Replacing Grantham’s A&E with an urgent care centre is a key part of plans released by health bosses today (Tuesday) which could radically change the face of health services across the county.
The proposals aim to save £130 million by 2021.
Under the plans, Grantham will only have an urgent care centre and no A&E – while the Boston Pilgrim and Lincoln County hospitals would have ‘new urgent care centres at the front of A&E’, retaining their emergency departments.
Grantham would also be home to The Lincolnshire Breast Centre where all planned breast cancer care would be centralised.
The Lincolnshire Sustainability Transformation Plan (STP) was released by Lincolnshire Health and Care (LHAC) today during a press conference after it was leaked on Monday – a week ahead of the official reveal.
Bosses say the plans aim to achieve:
* More investment in primary care and community services;
* Joined up health and social care service;
* Improved service effectiveness and the possible options to centralise some services ‘where it will deliver a better outcome for patients’.
STP lead Allan Kitt called the plans an ‘exciting opportunity for Lincolnshire’. He said: “For the first time we have a single plan to help us do this and we’re already making progress in a number of areas.
“The people of Lincolnshire deserve good quality care; we have a great opportunity now to overhaul the way our outdated services operate and provide care that is seamless and effective, where every pound spent delivers real benefit to our patients.”
However, campaigners for the full restoration of Grantham’s A&E department are outraged by the plan to replace it with an urgent care centre. Members of Fighting 4 Grantham Hospital made their concerns known at a meeting of the United Lincolnshire Hospitals NHS Trust (ULHT) board this morning at Grantham Hospital.
Meanwhile, Coun Charmaine Morgan, chairman of fellow campaign group SOS Grantham Hospital said: “The news of the proposed downgrade of Grantham A&E to an urgent care centre is not surprising given their earlier comments, but quite appalling, given the impact on our community. it will put more lives at risk if it goes ahead.
“We will do all we can to stop it.
“The STPs are forcing a one size fits all structure that does not work in rural areas. The STPs require local authority support. The downgrade of Grantham A&E should not go ahead for that reason.
“SOS grantham Hospital have a petition now over 42,000 signatures opposing any downgrade of Grantham A&E. It is a clear message to ULHT and Rt Hon Jeremy Hunt, Secretary of State for Health and the Government.”

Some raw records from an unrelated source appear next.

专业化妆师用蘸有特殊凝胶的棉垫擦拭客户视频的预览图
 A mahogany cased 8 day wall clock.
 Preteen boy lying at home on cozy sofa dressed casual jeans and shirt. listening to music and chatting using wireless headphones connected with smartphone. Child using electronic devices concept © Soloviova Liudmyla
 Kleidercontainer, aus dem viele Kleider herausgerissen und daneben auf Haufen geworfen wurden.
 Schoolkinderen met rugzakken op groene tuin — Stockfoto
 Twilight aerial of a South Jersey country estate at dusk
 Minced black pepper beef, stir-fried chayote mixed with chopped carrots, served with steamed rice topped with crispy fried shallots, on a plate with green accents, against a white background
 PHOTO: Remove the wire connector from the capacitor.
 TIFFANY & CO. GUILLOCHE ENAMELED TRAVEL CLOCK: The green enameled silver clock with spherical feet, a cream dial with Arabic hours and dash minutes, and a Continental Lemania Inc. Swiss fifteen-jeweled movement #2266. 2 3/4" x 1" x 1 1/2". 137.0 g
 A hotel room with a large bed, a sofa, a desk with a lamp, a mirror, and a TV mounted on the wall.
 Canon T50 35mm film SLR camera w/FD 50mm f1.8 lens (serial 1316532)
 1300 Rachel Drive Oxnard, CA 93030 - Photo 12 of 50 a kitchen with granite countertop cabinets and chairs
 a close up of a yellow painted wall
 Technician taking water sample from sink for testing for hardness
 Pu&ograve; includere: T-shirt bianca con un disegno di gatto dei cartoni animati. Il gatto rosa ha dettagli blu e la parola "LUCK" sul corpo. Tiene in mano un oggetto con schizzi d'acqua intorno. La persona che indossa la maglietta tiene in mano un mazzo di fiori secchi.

The document includes a series of options across urgent care, women and children, including:
* New urgent care centres at the front of A&E at Lincoln and Boston;
* Urgent care centre to replace A&E at Grantham;
* Relocation of critical care to Lincoln;
* Relocating vascular surgery from Boston to Lincoln;
* Consolidating ‘hyper acute’ stroke services to Lincoln with a centralised ‘ Lincolnshire Stroke Unit’ and a single stroke team across Boston and Lincoln;
* Centralising all emergency paediatrics in Lincoln for mothers with complications;
* Developing a paediatric assessment unit at Boston;
* Having a single neonatal team across Lincoln and Boston with all neonatal services centred on Lincoln;
* Having a single maternity team across Boston and Lincoln, with a consultant-led obstetrics service in Lincoln with midwifery-led units on both sites. This also has alternatives including centralising consultant-led obstetrics and maternity units at Lincoln or developing a standalone maternity unit in Boston and relocating obstetrics services to Lincoln.
* The learning disabilities inpatient service in Lincoln could also be replaced with a community-based model.
The LHAC team said no decision has been made and any changes will be subject to a full public consultation, which is planned to take place in May next year after any local elections.
It is estimated hospital services in Lincolnshire will overspend by £182 million by 2021 if no changes are made to how services are delivered. LHAC says the £130 million savings, supported by an assumed additional £52m in national transformation funding, will bring the NHS in Lincolnshire back into balance within the five-year timeframe.
Andrew Morgan, chief executive of Lincolnshire Community Health Services NHS Trust and chairman of the System Executive Team, said: “It has not been an easy process and we have had to make some difficult choices about how to prioritise spending in order to maximise the benefit to our whole population.
“We have looked at national best practice and we have listened to the views of our residents to come up with a high level plan. Now we want to continue that discussion and engagement as we move forward with delivering it. We are committed to being as inclusive and open as possible. We will listen to all contributions and use these contributions to influence the decisions we make.”
The LHAC review began in 2013 but its final outcomes have been delayed by a series of events including the NHS England’s Sustainability and Transformation Plans (STP), the EU Referendum, and a series of by-elections.